The production of Mysore silk begins with sourcing silk cocoons from the Ramanagara district of Karnataka. KSIC workers carry this out. They are responsible for transporting the silkworms to the raw silk production unit in T. Narasipura. What follows is a time and labour-intensive process of transforming cocoons into fabric. 

 

To begin with, the silk cocoons are soaked and boiled to make the extraction of yarn threads easier. These threads are twisted several times so that the finished fabric has the much sought-after crepe look and texture. Rolls are created with the threads and then sent to the main weaving factory in Mysore. Next, artisans begin weaving silk using either a dobby or jacquard loom. Both power looms are pre-equipped with patterns from the design section that simply weave designs onto the sarees. 

 

After the fabric has been woven, it typically has a rough texture. To fix that and make the fabric smoother, degumming takes place. The sub-procedure consists of soaking over 200 sarees in boiling water, and adding soap chips and soda ash.
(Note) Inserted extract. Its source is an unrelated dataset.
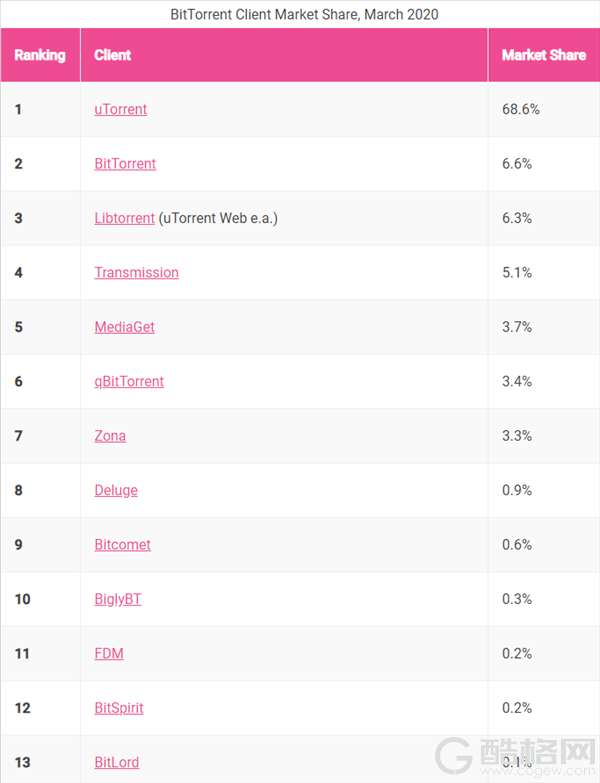 全球最受欢迎的BT下载工具出炉：2/3网友在用uTorrent、迅雷不在前十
Once the solution bubbles in two hours, room-temperature water is added to control the reaction. The sarees are removed from the tanks and submerged in warm water for fifteen minutes to remove any excess solution. Finally, the sarees are sent for hydro extraction and dyeing. 

 

The' winch' machine is used to dye the woven sarees. The sarees are placed on a horizontal axis frame, rotated inside a tank full of hot water, and connected to a separate colour tank. 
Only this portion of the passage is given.